Good idea. I'll go through the files there and add keywords when I get a spare few minutes.



> Lastly, as far as battlemaps go, a lot of idiots like myself struggle at printing huge jpgs and having the squares end up really being 1". With PDF's like the 3.5 battlemaps, its a no brainier, just hit print. Any way we could see PDF battlemaps for the 4e maps?




Do they have to end up exactly 1" as long as they're all the same size? We found that the image versions gave people more flexibility and allowed them to edit them if they wanted to.

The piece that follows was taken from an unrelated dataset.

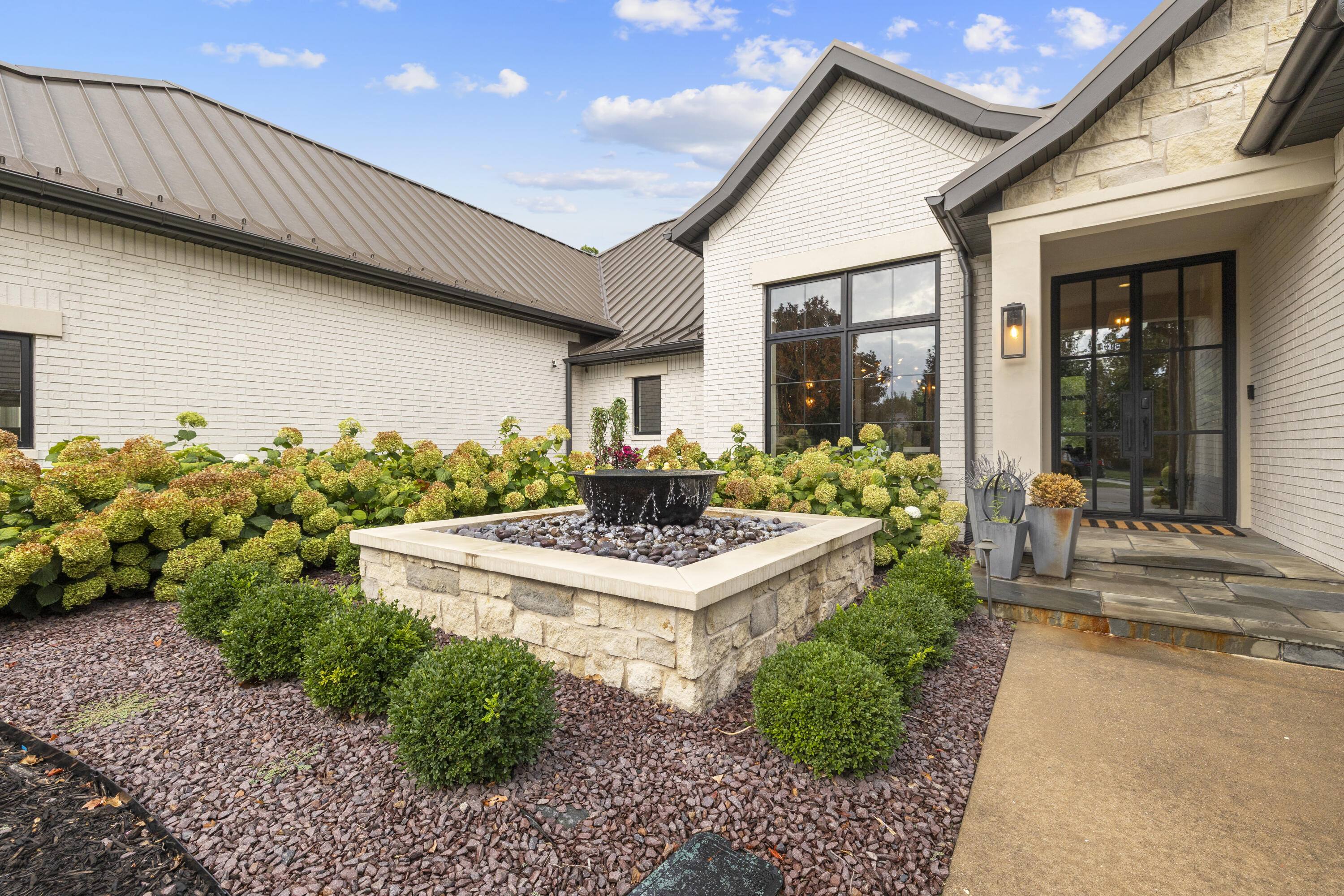 5273 South Applecross Way Property Photo 3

> I'm absolutely LOVING the adventures and appreciate all the time and effort you guys have put into the product




Thanks!


----------



## sfedi

Even though I'm already subscribed for the entire campaign, it's nice to see the good support you guys give.

Thank you very much.


----------



## jsam

Hi To everyone!!!!!!!11
This might also be a good place to mention that those who purchase the PDF get access to the Fantasy Grounds 2 Virtual


----------



## Burchard

So I've got one of the Rpgnow subscriptions and I see the Paragon book is out and available for purchase. Is that not included with the subscription? Or just the enworld sub?


----------



## Morrus

Burchard said:


> So I've got one of the Rpgnow subscriptions and I see the Paragon book is out and available for purchase. Is that not included with the subscription? Or just the enworld sub?




It's supposed to be included.  I may well have missed a step when uploading - I'll go double check.


----------



## Burchard

Thanks, Morrus!


----------



## Drazulfel

I'm loving this series! After joining as a community supporter, I downloaded the 1st five 4E PDF's, and I've spent the past several nights pouring over them.  My wife's starting to complain, because I'm staying up too late!

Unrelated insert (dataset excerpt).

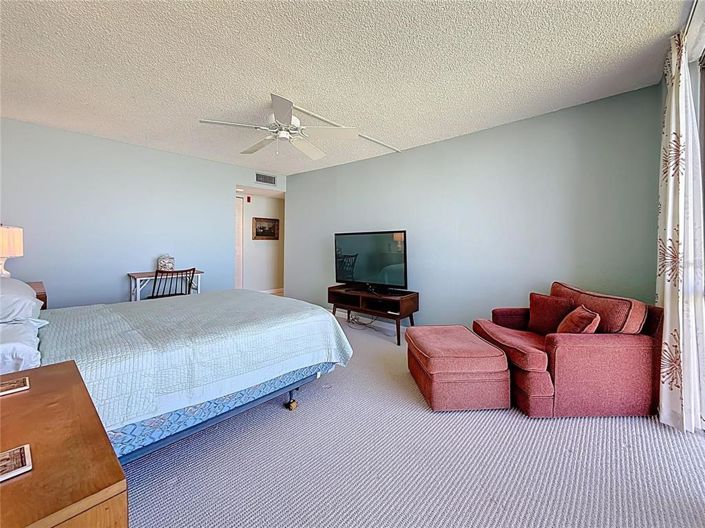 Image No.41-3 Bed Property for sale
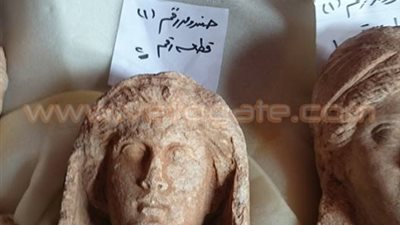 بالصور.. جمارك ميناء دمياط تضبط آثارا رومانية قبل تهريبها لتايلاند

Can't wait to see more! Is #6 due out soon-ish?


----------



## Stomphoof

If I sub now, do I automatically get access to everything already posted (such as 1-5 of the 4E stuff?) or do I have to wait for every 2 months to pass before the next one becomes active?


----------



## Morrus

Stomphoof said:


> If I sub now, do I automatically get access to everything already posted (such as 1-5 of the 4E stuff?)




Yep.


----------



## MidnightLightning

*3.5 whole set?*

I'm interested in the 3.5 version of WotBS, and after subscribing, I can find download links to #1-6 in the "old" downloads area, and #7 and 8 in the "new" articles area. But I'm not seeing #9-12 anywhere. I believe the 4.0 conversion is not complete for those episodes, but are the 3.5 versions available to subscribers somewhere?


----------



## Morrus

MidnightLightning said:


> I'm interested in the 3.5 version of WotBS, and after subscribing, I can find download links to #1-6 in the "old" downloads area, and #7 and 8 in the "new" articles area. But I'm not seeing #9-12 anywhere. I believe the 4.0 conversion is not complete for those episodes, but are the 3.5 versions available to subscribers somewhere?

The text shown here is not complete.